▶ Your task:
Let the line containing "Nathan Langridge's Photo" serve as the first line of the answer and the final line of the entries as its last, with every line between copied exactly.

(Extracted data entries)
□ □ □ □

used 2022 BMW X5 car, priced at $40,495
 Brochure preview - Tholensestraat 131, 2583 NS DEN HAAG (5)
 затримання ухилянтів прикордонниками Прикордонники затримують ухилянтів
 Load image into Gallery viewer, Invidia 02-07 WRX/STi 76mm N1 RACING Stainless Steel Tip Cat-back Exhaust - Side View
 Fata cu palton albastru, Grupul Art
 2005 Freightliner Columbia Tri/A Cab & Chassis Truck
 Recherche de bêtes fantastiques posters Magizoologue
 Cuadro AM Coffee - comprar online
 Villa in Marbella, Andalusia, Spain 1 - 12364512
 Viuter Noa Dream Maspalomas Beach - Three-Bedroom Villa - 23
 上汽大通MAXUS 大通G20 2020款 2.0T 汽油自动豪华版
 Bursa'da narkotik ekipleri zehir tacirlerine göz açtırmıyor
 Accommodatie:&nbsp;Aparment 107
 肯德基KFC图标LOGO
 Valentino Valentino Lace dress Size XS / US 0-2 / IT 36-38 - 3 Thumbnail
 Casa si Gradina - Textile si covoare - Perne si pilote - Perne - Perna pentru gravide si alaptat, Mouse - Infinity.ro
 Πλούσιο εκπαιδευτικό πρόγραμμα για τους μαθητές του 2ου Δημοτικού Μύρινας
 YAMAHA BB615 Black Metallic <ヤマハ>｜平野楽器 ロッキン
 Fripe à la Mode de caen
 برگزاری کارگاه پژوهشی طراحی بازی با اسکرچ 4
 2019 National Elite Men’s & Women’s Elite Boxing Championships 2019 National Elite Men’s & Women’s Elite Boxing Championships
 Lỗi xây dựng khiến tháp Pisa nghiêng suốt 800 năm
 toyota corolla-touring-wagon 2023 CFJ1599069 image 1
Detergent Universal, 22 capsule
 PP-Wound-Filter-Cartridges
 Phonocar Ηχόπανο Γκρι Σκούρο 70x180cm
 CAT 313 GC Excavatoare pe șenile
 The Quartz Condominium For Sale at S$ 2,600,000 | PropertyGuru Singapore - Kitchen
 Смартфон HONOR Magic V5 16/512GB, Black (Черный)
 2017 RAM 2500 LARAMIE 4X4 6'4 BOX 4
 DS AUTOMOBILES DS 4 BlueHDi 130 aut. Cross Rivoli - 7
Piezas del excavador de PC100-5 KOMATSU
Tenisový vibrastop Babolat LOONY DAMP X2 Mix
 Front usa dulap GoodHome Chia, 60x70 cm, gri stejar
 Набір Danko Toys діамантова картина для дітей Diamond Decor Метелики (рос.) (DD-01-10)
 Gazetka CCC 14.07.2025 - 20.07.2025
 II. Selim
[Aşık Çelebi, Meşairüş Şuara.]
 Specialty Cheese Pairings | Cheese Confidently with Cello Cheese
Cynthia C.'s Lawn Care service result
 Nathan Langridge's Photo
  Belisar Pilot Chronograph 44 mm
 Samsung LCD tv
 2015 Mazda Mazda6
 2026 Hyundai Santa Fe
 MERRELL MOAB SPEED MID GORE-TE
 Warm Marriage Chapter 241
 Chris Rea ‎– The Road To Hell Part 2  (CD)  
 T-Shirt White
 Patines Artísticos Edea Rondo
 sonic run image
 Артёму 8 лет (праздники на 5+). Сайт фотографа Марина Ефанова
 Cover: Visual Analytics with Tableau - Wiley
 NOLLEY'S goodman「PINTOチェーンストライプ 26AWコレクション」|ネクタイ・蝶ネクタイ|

□ □ □ □

▶ Solved exercise:
 Nathan Langridge's Photo
  Belisar Pilot Chronograph 44 mm
 Samsung LCD tv
 2015 Mazda Mazda6
 2026 Hyundai Santa Fe
 MERRELL MOAB SPEED MID GORE-TE
 Warm Marriage Chapter 241
 Chris Rea ‎– The Road To Hell Part 2  (CD)  
 T-Shirt White
 Patines Artísticos Edea Rondo
 sonic run image
 Артёму 8 лет (праздники на 5+). Сайт фотографа Марина Ефанова
 Cover: Visual Analytics with Tableau - Wiley
 NOLLEY'S goodman「PINTOチェーンストライプ 26AWコレクション」|ネクタイ・蝶ネクタイ|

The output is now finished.